Main cast: Ewan McGregor (Obi-Wan Kenobi), Indira Varma (Tala Durith), Vivien Lyra Blair (Leia Organa), Moses Ingram (Inquisitor Reva), O’Shea Jackson Jr (Roken), Maya Erskine (Sully), Sung Kang (The Fifth Brother), Rya Kihlstedt (The Fourth Sister), James Earl Jones (The Voice of Darth Vader), and Hayden Christensen (Darth Vader)
Director: Deborah Chow
The signs are there, but Part IV makes it clear that, just like how so many of these shows nowadays claim to have a male lead only to not-so-subtly introduce a female character that is the main character in all but name, the people behind this show want everything to be about Reva.
Moses Ingram gets to shine here and she blows it badly. Sure, the script is already blown sky high due to these people hiring cheap no-name no-talent types based on their skin color and professed sexuality to defecate all over things, but Ms Ingram demonstrates that she likely isn’t chosen for her acting ability either.
She’s stiff, her intonation of her lines is all wrong because the emotion behind the delivery is at odds with the intent of the delivery, and everything about her big interrogation scene is just 100% yikes and ouch from start to finish.
Mind you, Reva turning out to be a colossal mess of a dumb dumb the more and more I see her doesn’t help. She kidnaps Lala the Wunderkind to lure Obi-Wut into her clutches, but proceeds to interrogate Lala like the girl is some kind of mastermind behind the whole thing. Really, is Reva’s judgment that impaired?
She wastes her mind reading powers on that girl, but when she should use her mind-reading abilities on Tala, she doesn’t. Why? Because Tala has plot armor, duh, and Reva being sensible would derail the plot the screenwriters have in mind and that just won’t do.
Meanwhile, the same mess present in past episodes is still here. Sure, there are only two screenwriters this time around, but these two obviously didn’t speak either while working on the script, because there are so many inconsistencies here.
How did Obi-Wut and Friends escape in the end when Reva had killed their pilot earlier? Who is piloting the ship? The ghost of Qui-Gon Jin? Yoda’s missing sibling? Po Ping?
Lala manages to resist Reva’s mind reading powers because, ooh, she is female and females are just awesome or something. Early on, these people have made it clear that Leia is the ultimate Jedi Mary Poppins that out-talent and out-better Luke in everything because the force is female or some crap, so I guess they are sticking to this with Leia even if it makes no sense because Leia was never supposed to be that way.
Oh wait, what am I saying? This is Lala, not Leia. Carry on, people.
Tala has so much plot armor that it’s ridiculous.
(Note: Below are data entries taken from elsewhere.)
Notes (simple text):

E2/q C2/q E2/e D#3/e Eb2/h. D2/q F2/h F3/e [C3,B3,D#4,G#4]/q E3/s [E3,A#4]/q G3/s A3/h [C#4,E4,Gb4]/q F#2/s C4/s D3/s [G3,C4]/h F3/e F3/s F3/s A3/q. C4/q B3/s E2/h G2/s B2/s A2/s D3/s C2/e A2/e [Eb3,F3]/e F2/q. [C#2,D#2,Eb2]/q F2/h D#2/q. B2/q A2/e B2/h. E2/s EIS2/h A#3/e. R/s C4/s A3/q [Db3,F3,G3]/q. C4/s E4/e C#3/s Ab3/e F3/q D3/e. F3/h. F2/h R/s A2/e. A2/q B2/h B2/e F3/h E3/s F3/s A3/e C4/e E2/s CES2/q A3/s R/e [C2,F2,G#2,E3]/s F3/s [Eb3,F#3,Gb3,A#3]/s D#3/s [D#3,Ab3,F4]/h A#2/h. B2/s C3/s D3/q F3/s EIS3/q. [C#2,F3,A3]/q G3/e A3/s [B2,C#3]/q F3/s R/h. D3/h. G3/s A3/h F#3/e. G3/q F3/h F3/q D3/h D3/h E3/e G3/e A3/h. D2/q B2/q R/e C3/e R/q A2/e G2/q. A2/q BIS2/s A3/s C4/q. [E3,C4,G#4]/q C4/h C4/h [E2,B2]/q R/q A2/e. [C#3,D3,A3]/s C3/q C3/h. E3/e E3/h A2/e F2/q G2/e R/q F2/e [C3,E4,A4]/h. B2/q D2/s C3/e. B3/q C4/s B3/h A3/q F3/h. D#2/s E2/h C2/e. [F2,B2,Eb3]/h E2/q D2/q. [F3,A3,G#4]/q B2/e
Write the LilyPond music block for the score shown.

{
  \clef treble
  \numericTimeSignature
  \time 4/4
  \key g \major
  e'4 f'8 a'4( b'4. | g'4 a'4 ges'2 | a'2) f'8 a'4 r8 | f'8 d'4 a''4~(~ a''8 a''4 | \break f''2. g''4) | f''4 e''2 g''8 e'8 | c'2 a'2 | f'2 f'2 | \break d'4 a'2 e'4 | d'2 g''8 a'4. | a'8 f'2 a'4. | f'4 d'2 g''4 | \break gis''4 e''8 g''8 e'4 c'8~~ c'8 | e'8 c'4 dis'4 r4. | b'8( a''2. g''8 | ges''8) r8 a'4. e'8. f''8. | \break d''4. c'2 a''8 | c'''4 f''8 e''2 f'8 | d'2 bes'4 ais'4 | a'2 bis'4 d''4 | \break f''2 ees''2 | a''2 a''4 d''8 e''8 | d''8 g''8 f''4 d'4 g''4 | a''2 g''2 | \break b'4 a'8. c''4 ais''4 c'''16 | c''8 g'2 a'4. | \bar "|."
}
While undercover, she acts so suspiciously and even refuses to call an officer “sir”—strong, independent woman doesn’t respect rank, protocol, or rule, you see—but no one somehow suspects a thing.
Obi-Wut is in the show, oh yes, and he rescues Lala by… hiding her under his trench coat while he and Tala are running away. Somehow, only Reva can spot that lump under his coat because she’s awesome that way—at least, I suppose that’s what the idiot screenwriters are trying to impress on me. I just think everyone on this show in front of and behind the screen need to find another job that is more appropriate to their capabilities, like unwrapping burgers for the flippers to cook at some fast food restaurant.
The Stormtroopers, geniuses that they are, for some reason keep aiming at Obi-Wut’s lightsaber instead of at his legs or something to keep him from running away. I know, these people have a history of being idiots that can’t aim and are easily distracted by shiny things, but still, shouldn’t at least a handful of them have some common sense to realize that aiming at the torso or the legs will be more effective in preventing his escape?
I can go on and on but oh my god indeed.
Wait, you say I haven’t given the synopsis of this episode? If you still want to know after all I’ve said earlier, please just go to Wookiepedia or something to read it up yourself and let’s pretend we don’t know one another.
Anyway, I look up Joby Harold at IMDB, and this fellow has zero screenwriting credit prior to this show.
Hannah Friedman had written a few episodes of various shows that have nothing to do with science-fiction and she is currently using that masterpiece series Willow as her next public toilet, how awesome. She’s also the “consulting producer” of this show, which explains a lot.
As for director and show executive producer Deborah Chow, this show is her biggest gig to date, with her track record consisting of directing an episode or two of various TV series here and there.
Why are these people allowed to run wild on a Star Wars show without anyone reining them in? What has happened to Lucasfilm and Disney?
Diversity and inclusiveness are always admirable, but what these people are doing is demonstrating just how horribly awry things can go when you let the lunatics manage the asylum.
At any rate, eff this show. Two more episodes and then it’s done, so let’s just quickly get this waste of time of a show over and done with.